# Task description
Would you reproduce exactly, and only, the lines starting at the one with "Iliopsoas Bursitis Ultrasound" and ending at the last line of the data, with both included? Leave the pictures out.
————
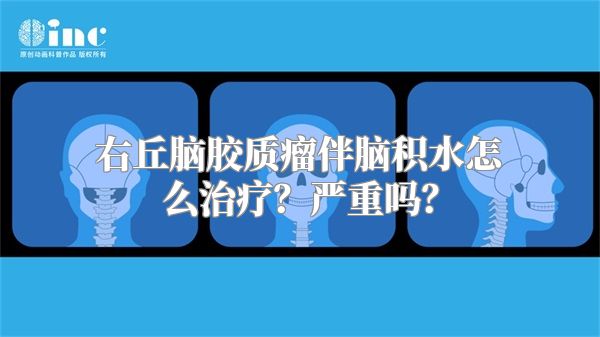 右丘脑胶质瘤伴脑积水怎么治疗？严重吗？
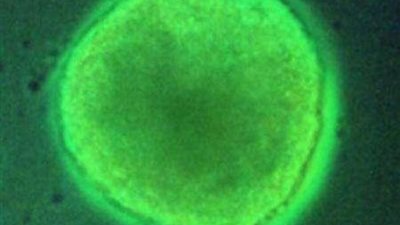 ماذا يحدث للذاكرة أثناء النوم؟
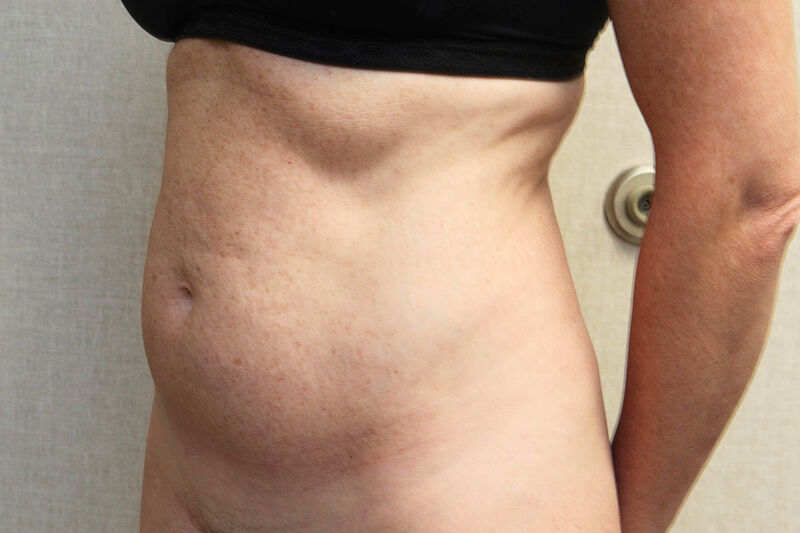 CoolSculpting Before & After Patient Photo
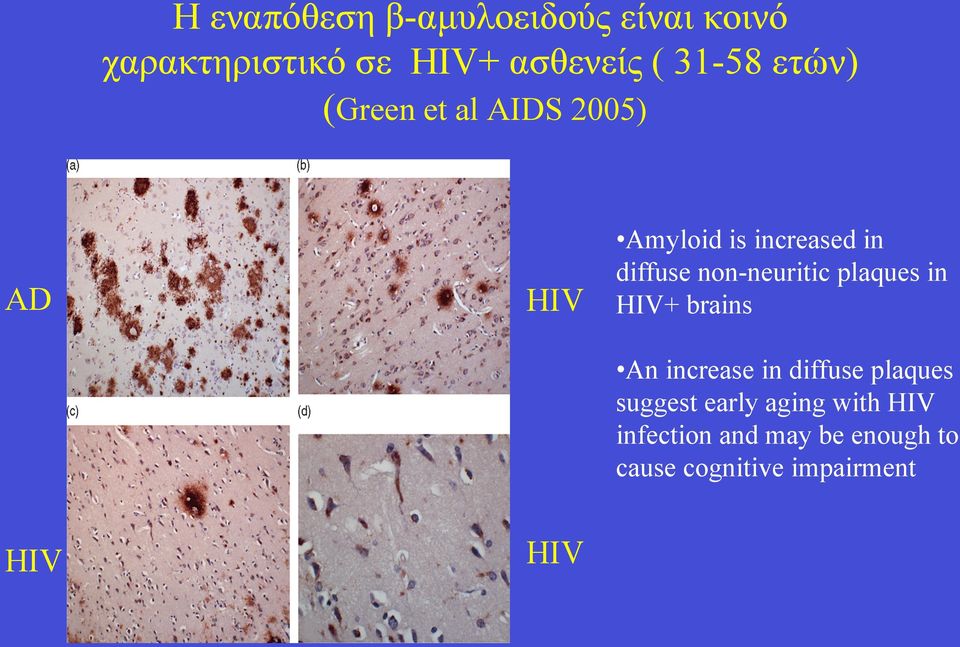 non-neuritic plaques in HIV+ brains An increase in diffuse plaques suggest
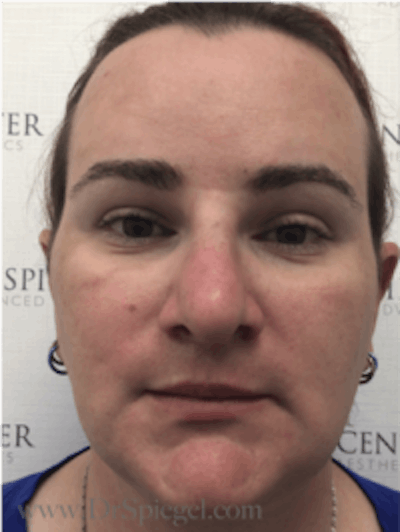 FFS Before & After Gallery - Patient 235658 - Image 2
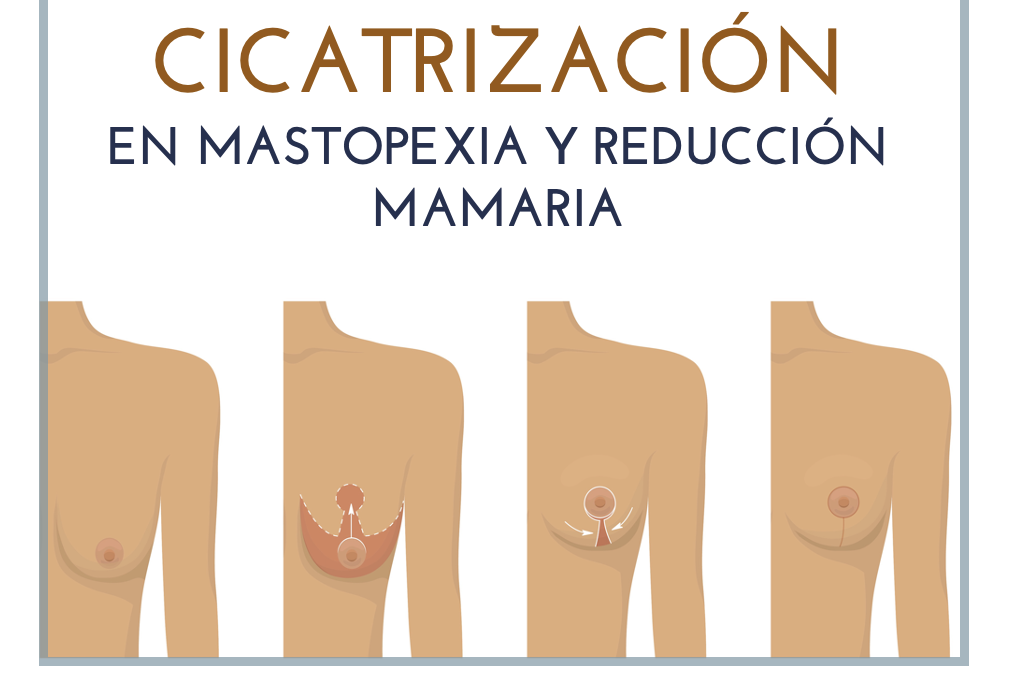 Cómo reducir las cicatrices en la mastopexia y reducción de pecho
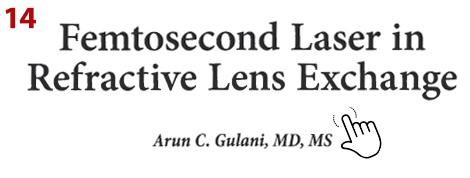 Femtosecond Laser in Refractive Lens Exchange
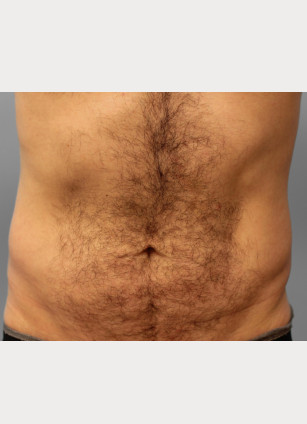 Before Image: Gynecomastia & Lipo-Dr. Howell - front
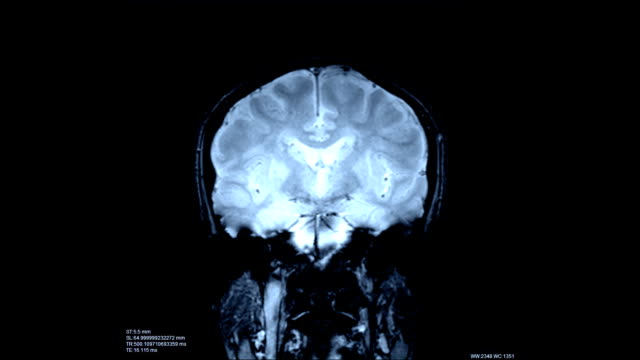 Gehirn-Scan-Bild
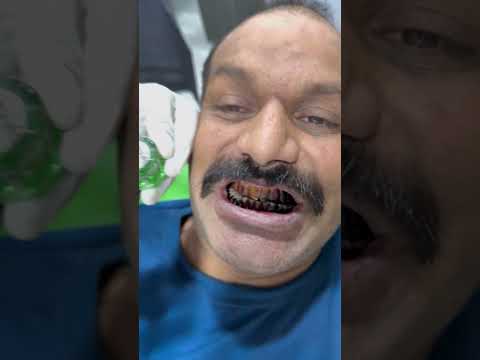 Teeth whitening powder #dentist  #dentalprosthesis  #smiledesigndental  #duet  #dentalcare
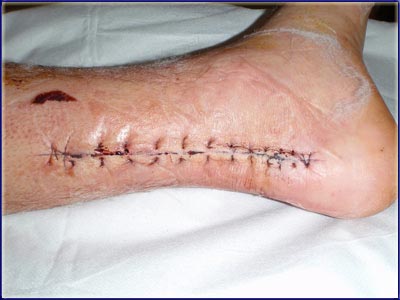My Sutures, Post Achilles Op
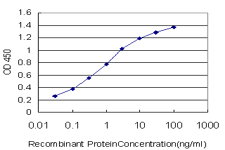 10 - SCN11A Antibody (monoclonal) (M04) AT3791a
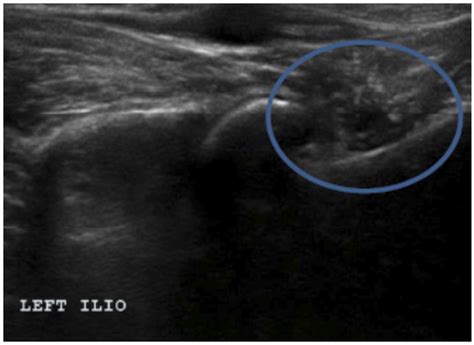 Iliopsoas Bursitis Ultrasound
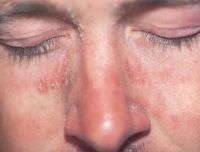 Псориаз на лице в типичных местах себорейной экземы
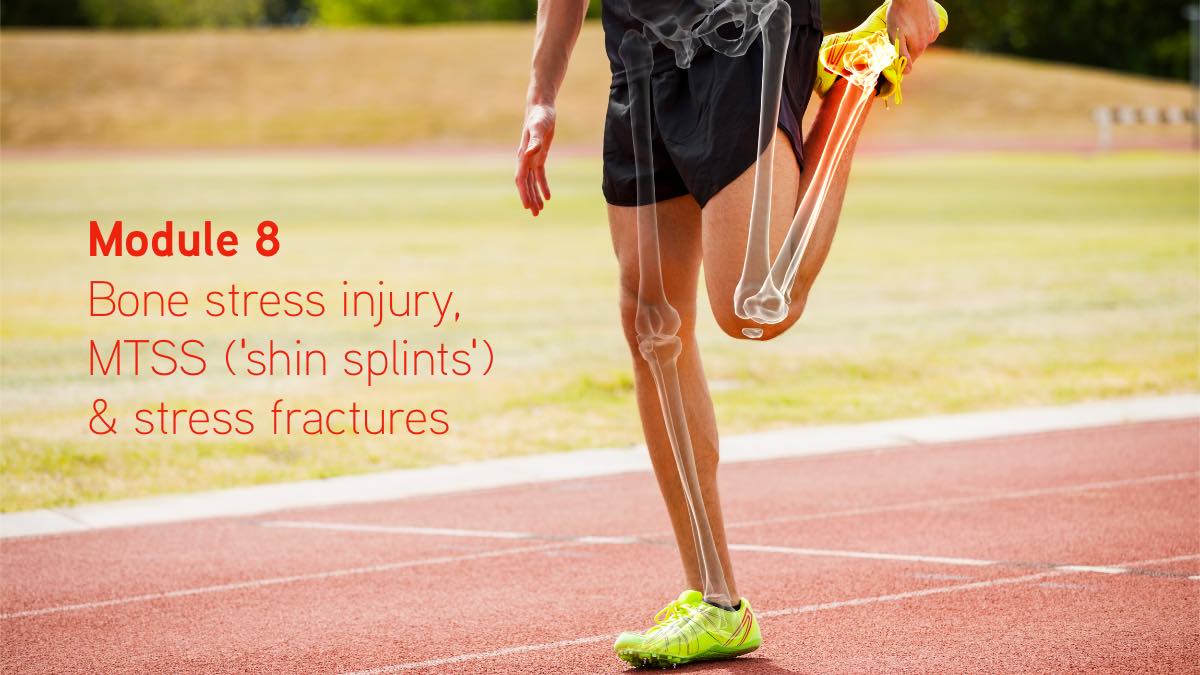 Bone stress injury, 'shin splints' and stress fractures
————
# Answer for this exercise
 Iliopsoas Bursitis Ultrasound
 Псориаз на лице в типичных местах себорейной экземы
 Bone stress injury, 'shin splints' and stress fractures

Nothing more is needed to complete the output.